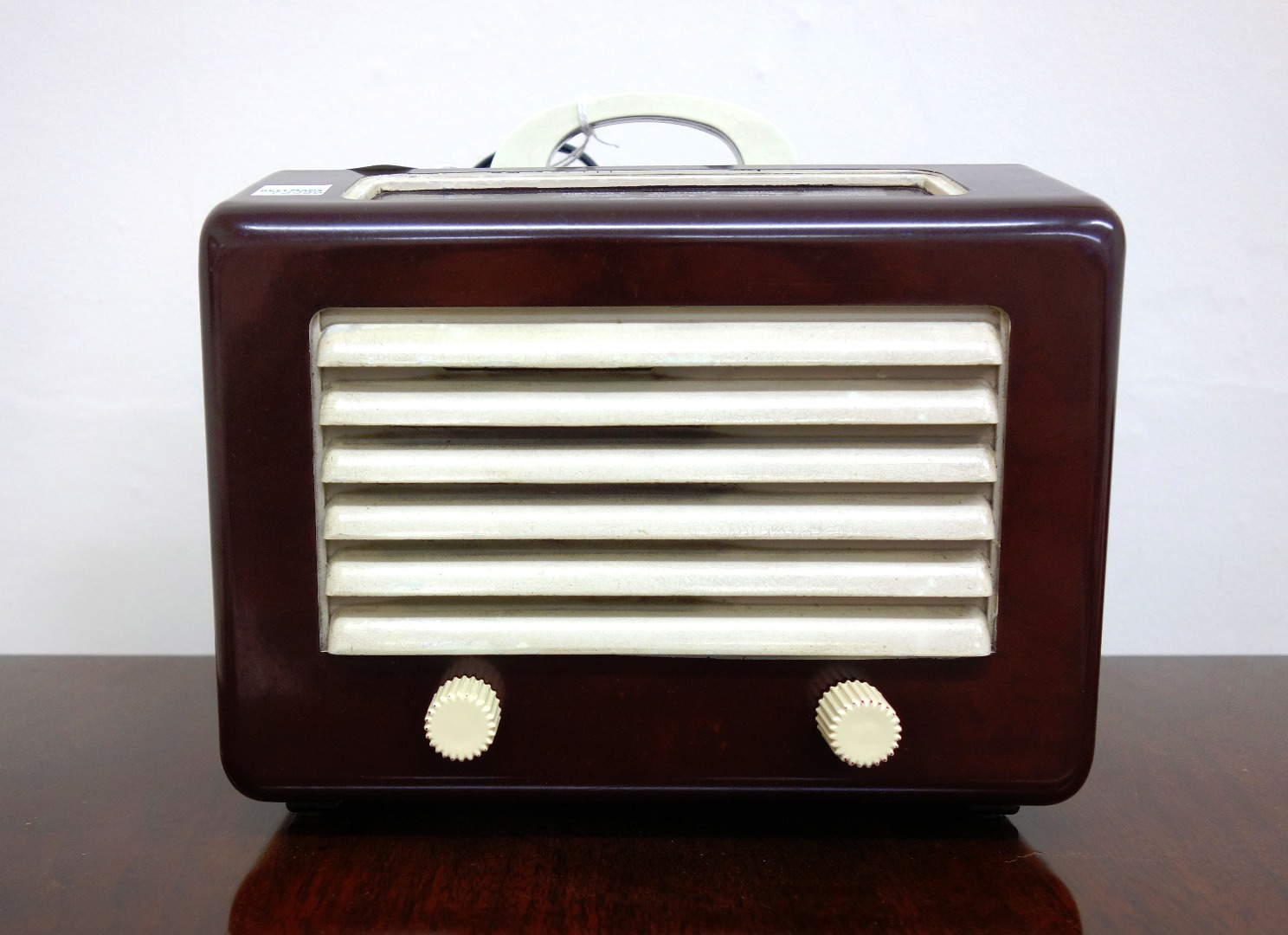 Appraisal: Two Marconi T DA radio in brown bakelite case with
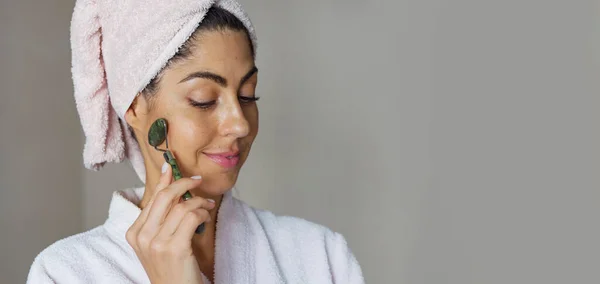 stock image Beautiful woman using green jade roller for face massage . Daily Jade Roller Facial Massage Routine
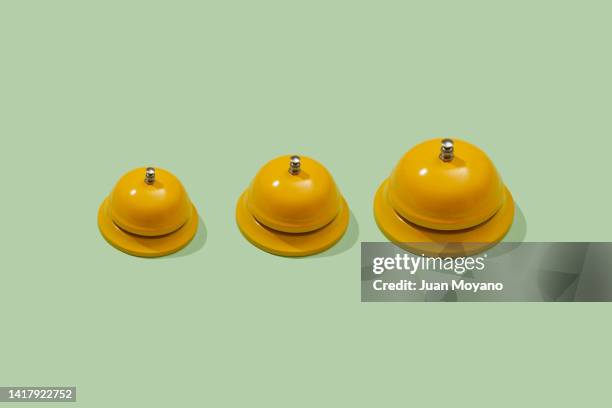 three yellow reception bells in scale - receptiebel stockfoto's en -beelden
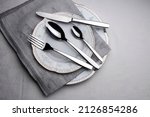 Elegance empty plate, grey napkin, cutlery set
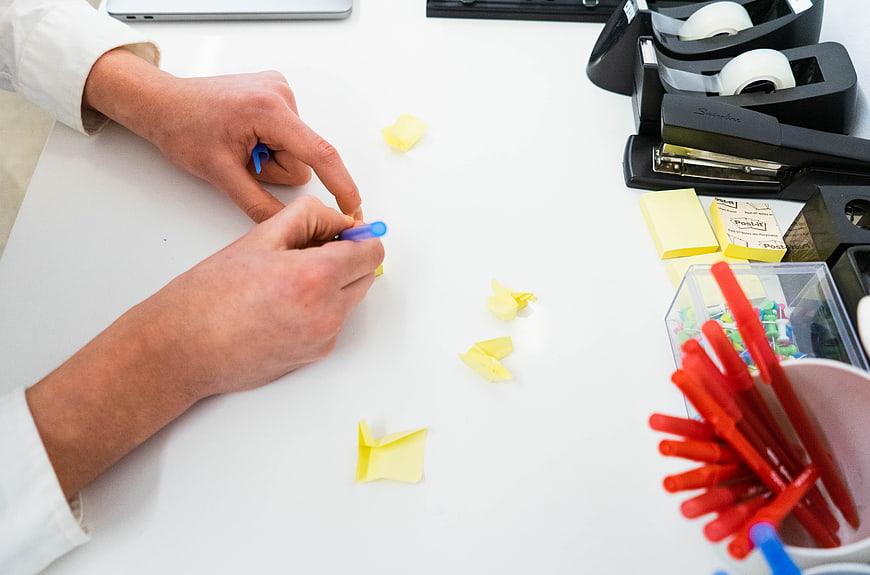 Hands writing on yellow sticky notes at white office desk
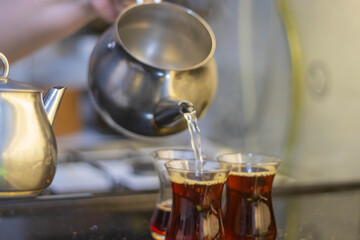 Turkish tea with authentic glass cup and silver tea kettle. 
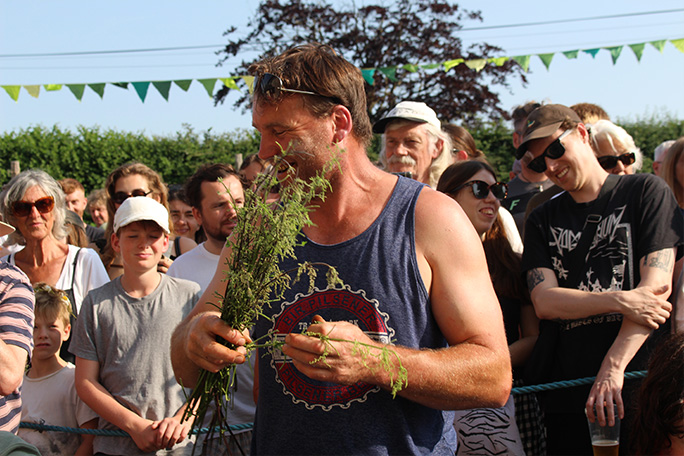 world-stinging-nettle-eating-championship-michael-hobbs-with-2025-trophy-and-stripped-nettle-stems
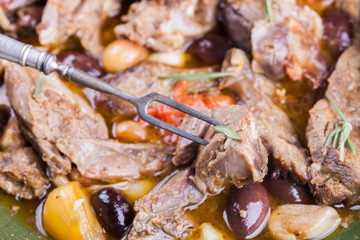 Lamb meat cooked in a tagine with olives, garlic, lemon and rosemary.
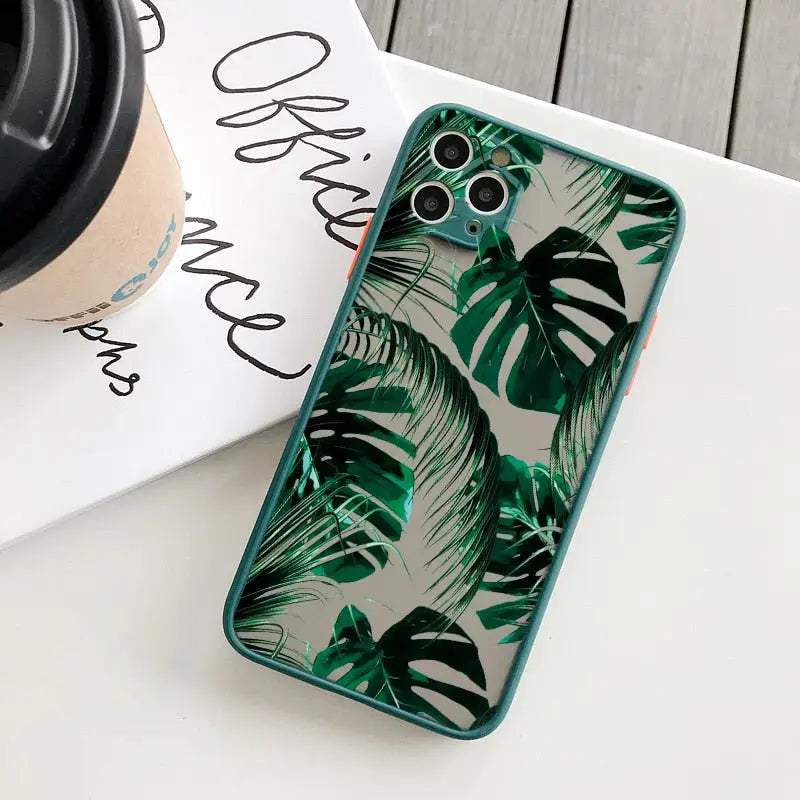 a green phone case with a tropical print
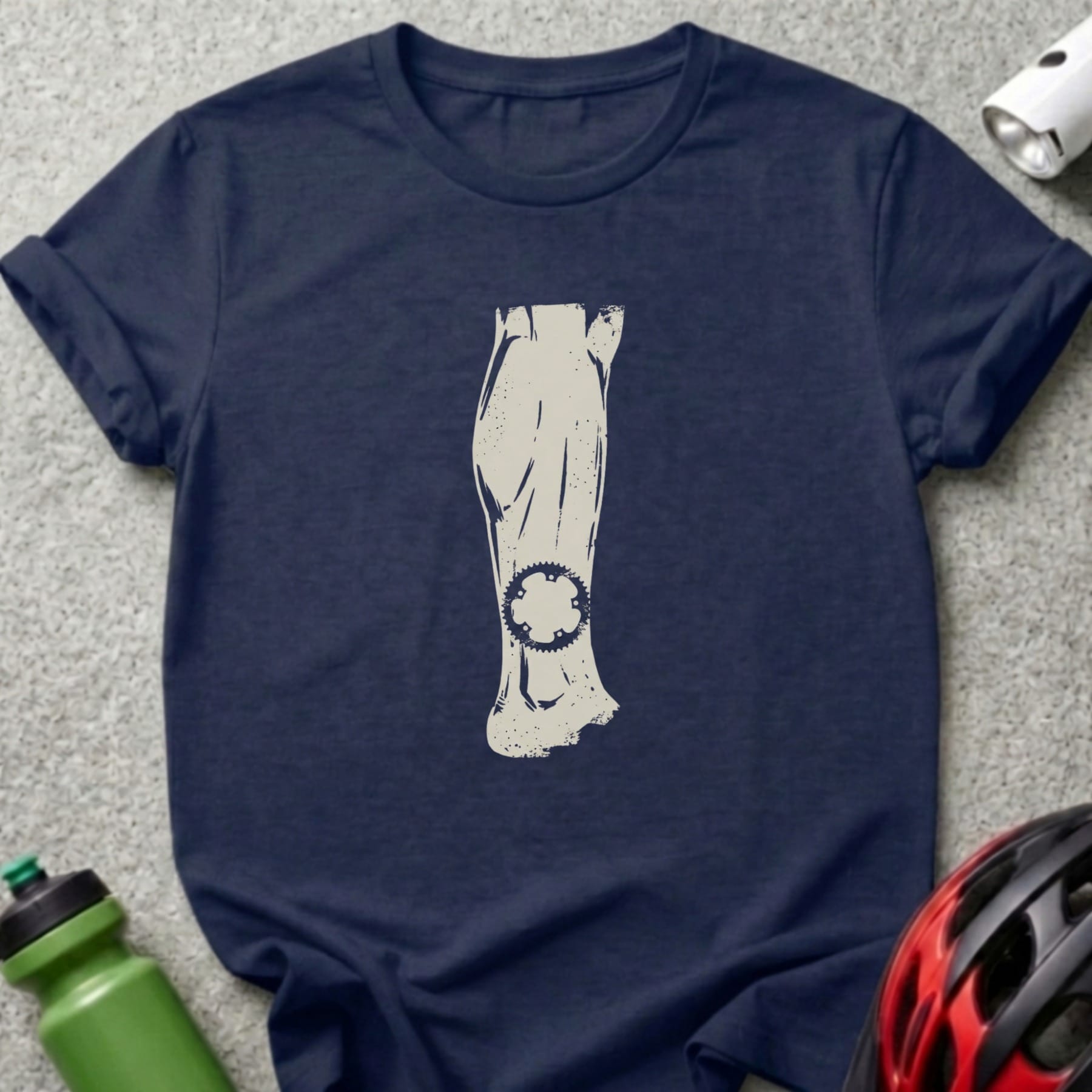 Dark blue t-shirt with a distressed graphic of a muscular leg with a gear.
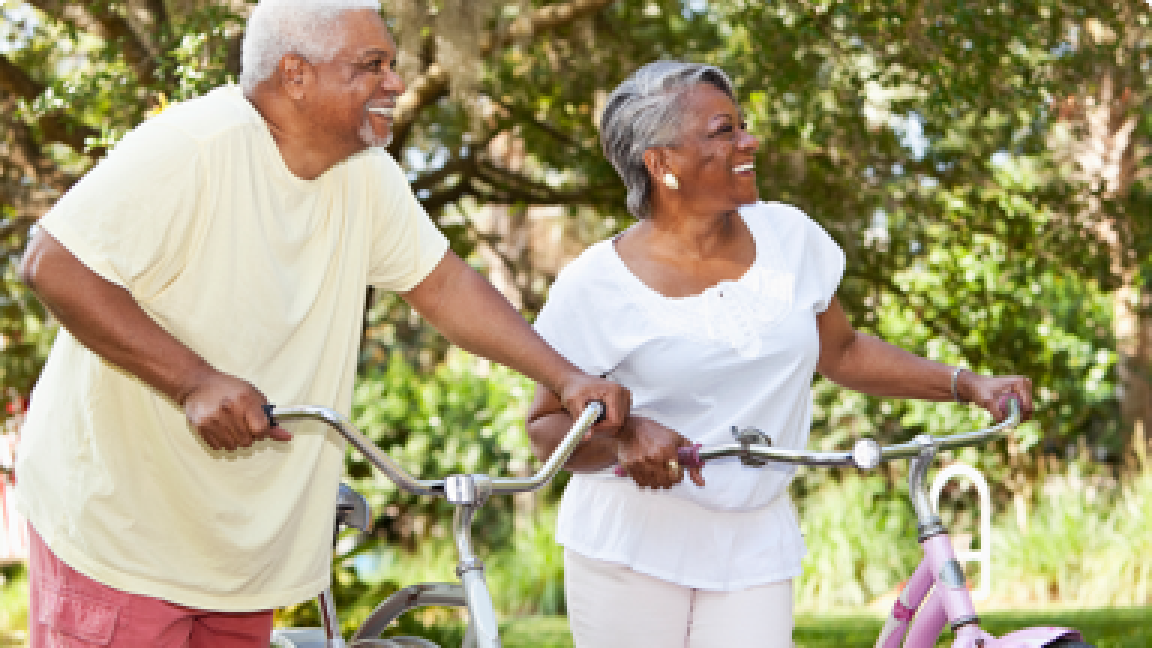 senior couple riding bicycles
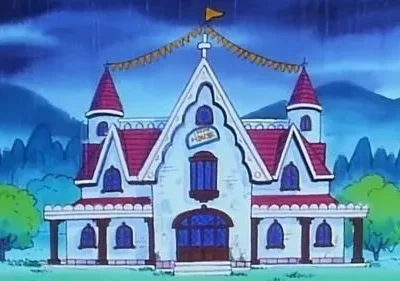 Casa animada branca com telhado vermelho e torres, decorada com banners, em dia chuvoso. Montanhas escuras ao fundo.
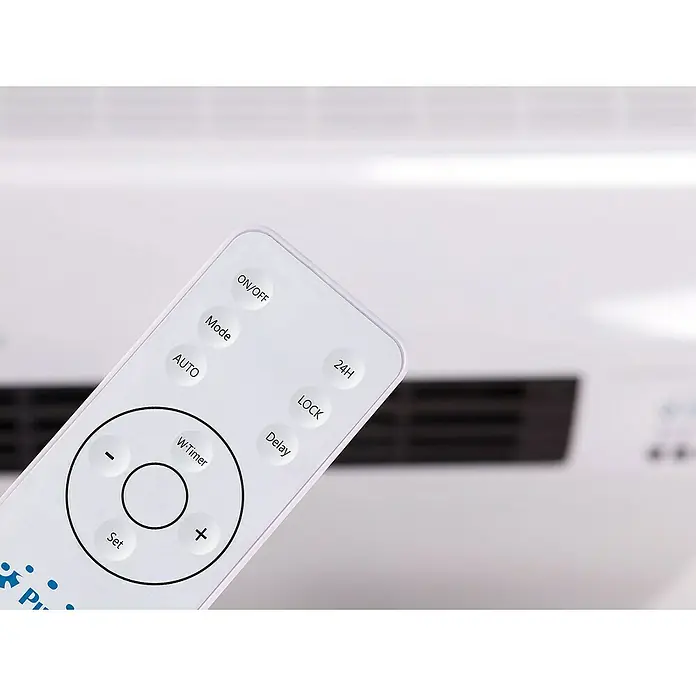 Purline Calefactor de aire Split HOTI M50 - 2.000 W, Blanco - Primer plano de un mando a distancia de aire acondicionado con botones para on/off, modo, auto, temporizador, 24h, bloqueo y retardo.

= = = =

Reproduce the entries above without change, omitting all pictures.

 Appraisal: Two Marconi T DA radio in brown bakelite case with
 stock image Beautiful woman using green jade roller for face massage . Daily Jade Roller Facial Massage Routine
 three yellow reception bells in scale - receptiebel stockfoto's en -beelden
 Elegance empty plate, grey napkin, cutlery set
 Hands writing on yellow sticky notes at white office desk
 Turkish tea with authentic glass cup and silver tea kettle. 
 world-stinging-nettle-eating-championship-michael-hobbs-with-2025-trophy-and-stripped-nettle-stems
 Lamb meat cooked in a tagine with olives, garlic, lemon and rosemary.
 a green phone case with a tropical print
 Dark blue t-shirt with a distressed graphic of a muscular leg with a gear.
 senior couple riding bicycles
 Casa animada branca com telhado vermelho e torres, decorada com banners, em dia chuvoso. Montanhas escuras ao fundo.
 Purline Calefactor de aire Split HOTI M50 - 2.000 W, Blanco - Primer plano de un mando a distancia de aire acondicionado con botones para on/off, modo, auto, temporizador, 24h, bloqueo y retardo.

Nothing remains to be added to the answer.